On July 3, 2004, M went back to Montreal. I begged him not to go. I told him that I didn't think things would be okay with us if he left. He was very cryptic about not wanting to leave, but he had to, that was where he belonged. He was a citizen there and his time here was up. He kept saying he wished he had "known me longer." He never mentioned marriage, but I could tell that was what he was talking about. He kept telling me that things would be different if we'd known each other longer.
We had met only eight months prior and had only been dating for six months. M wanted a ride to the airport, and I wanted to take him. He stayed at my house for the last three days and my mom went with me to drive him the two hours to the airport. My mom fell in love with M that day too.
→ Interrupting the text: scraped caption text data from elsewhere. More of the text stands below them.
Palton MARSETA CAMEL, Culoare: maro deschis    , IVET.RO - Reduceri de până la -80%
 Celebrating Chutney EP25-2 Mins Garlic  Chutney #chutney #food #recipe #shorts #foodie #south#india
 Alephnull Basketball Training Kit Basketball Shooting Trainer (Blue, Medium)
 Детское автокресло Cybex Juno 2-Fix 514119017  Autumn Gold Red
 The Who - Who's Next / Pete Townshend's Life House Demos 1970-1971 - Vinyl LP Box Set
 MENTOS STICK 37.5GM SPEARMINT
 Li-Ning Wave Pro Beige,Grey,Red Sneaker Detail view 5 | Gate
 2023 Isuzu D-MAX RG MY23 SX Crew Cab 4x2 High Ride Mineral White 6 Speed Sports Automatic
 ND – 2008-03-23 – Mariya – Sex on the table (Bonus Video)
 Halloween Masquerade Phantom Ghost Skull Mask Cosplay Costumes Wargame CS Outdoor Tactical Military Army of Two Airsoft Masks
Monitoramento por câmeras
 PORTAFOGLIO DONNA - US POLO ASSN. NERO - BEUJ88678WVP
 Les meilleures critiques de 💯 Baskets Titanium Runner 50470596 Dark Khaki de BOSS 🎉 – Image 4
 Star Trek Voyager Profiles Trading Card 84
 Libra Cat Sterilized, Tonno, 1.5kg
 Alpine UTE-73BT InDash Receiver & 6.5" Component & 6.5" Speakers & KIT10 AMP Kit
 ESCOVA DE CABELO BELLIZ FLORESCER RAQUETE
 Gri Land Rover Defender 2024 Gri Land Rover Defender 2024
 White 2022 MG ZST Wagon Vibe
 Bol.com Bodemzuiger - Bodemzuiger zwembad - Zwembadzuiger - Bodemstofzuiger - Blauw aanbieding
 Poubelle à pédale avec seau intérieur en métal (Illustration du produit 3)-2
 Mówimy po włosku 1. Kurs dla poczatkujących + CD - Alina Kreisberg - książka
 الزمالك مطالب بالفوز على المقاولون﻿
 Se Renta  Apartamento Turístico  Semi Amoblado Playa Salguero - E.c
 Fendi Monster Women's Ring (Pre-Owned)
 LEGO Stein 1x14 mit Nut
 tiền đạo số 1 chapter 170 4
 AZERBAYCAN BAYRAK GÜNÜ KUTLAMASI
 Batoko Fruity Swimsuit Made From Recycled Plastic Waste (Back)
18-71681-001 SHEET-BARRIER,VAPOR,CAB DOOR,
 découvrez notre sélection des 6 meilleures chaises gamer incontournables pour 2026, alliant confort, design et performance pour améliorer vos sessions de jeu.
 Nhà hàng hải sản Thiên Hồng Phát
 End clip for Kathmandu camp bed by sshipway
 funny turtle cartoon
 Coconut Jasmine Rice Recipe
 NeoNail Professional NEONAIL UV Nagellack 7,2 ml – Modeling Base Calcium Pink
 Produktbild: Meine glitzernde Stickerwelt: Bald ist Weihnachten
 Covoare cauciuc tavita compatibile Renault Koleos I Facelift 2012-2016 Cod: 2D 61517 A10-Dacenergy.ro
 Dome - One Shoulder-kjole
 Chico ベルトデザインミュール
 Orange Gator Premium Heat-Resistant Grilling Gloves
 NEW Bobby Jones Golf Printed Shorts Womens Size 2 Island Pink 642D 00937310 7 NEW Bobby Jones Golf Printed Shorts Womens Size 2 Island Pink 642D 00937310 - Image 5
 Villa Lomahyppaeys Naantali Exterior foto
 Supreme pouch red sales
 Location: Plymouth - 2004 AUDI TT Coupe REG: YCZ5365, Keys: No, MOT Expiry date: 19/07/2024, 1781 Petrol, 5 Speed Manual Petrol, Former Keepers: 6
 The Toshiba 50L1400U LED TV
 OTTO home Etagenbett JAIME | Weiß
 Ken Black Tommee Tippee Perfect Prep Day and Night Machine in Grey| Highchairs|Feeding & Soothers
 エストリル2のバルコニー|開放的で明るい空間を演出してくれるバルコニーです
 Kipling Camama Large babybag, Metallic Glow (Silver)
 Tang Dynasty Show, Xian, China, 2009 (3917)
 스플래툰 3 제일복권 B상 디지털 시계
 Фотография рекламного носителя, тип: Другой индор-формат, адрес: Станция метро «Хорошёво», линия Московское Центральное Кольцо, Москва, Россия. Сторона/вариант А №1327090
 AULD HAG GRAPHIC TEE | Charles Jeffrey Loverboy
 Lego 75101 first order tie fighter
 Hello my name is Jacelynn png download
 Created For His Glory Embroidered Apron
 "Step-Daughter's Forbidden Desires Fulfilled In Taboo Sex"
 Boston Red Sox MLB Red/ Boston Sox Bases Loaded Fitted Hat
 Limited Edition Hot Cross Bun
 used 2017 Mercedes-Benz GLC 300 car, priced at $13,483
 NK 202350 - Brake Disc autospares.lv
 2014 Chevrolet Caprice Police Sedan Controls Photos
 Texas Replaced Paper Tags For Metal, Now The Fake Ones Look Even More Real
She watched me trying not to cry and M wiping away all my tears as they fell. He would watch me and keep talking and kept wiping away my tears. He pretended I wasn't crying.
When we got to the airport, my mom took care of the car and M and I went inside together so that I could say goodbye. M took me into the giftshop and bought me a Beanie Babie. It was the softest puppy, made after the character "Odie" from the Garfield movie. It looked nothing like Odie, but it made me feel so much better. It was tiny and soft, and I knew I was going to need something on the way back home. I knew I would be crying and I knew he was not coming back for a long time. I thought I knew this, but I really had no idea how long.
I had never been outside the country before, and had no idea what Canada was. I felt like I was losing my best friend.